_Exercise requirements_: In the records below, find the line that contains "Chefi la cuțite, degustarea", then transcribe it and every later line exactly, stopping at the final line.

[Web page caption snippets]
----
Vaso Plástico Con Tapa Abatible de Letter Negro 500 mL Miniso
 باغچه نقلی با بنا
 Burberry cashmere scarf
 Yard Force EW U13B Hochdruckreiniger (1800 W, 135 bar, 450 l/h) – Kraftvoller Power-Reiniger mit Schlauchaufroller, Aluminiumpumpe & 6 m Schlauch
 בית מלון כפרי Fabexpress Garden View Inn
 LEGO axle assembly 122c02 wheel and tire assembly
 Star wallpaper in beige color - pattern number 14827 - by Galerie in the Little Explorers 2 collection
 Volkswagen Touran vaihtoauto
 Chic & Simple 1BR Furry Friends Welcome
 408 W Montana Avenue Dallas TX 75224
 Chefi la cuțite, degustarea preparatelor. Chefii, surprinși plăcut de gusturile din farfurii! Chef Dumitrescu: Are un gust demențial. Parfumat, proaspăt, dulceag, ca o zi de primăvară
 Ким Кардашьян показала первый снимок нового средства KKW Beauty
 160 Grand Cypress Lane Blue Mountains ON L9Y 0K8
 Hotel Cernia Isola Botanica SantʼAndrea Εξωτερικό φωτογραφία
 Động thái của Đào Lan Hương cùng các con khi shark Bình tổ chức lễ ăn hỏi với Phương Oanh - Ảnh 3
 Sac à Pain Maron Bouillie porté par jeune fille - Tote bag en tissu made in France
----
_Solution for this task_:
 Chefi la cuțite, degustarea preparatelor. Chefii, surprinși plăcut de gusturile din farfurii! Chef Dumitrescu: Are un gust demențial. Parfumat, proaspăt, dulceag, ca o zi de primăvară
 Ким Кардашьян показала первый снимок нового средства KKW Beauty
 160 Grand Cypress Lane Blue Mountains ON L9Y 0K8
 Hotel Cernia Isola Botanica SantʼAndrea Εξωτερικό φωτογραφία
 Động thái của Đào Lan Hương cùng các con khi shark Bình tổ chức lễ ăn hỏi với Phương Oanh - Ảnh 3
 Sac à Pain Maron Bouillie porté par jeune fille - Tote bag en tissu made in France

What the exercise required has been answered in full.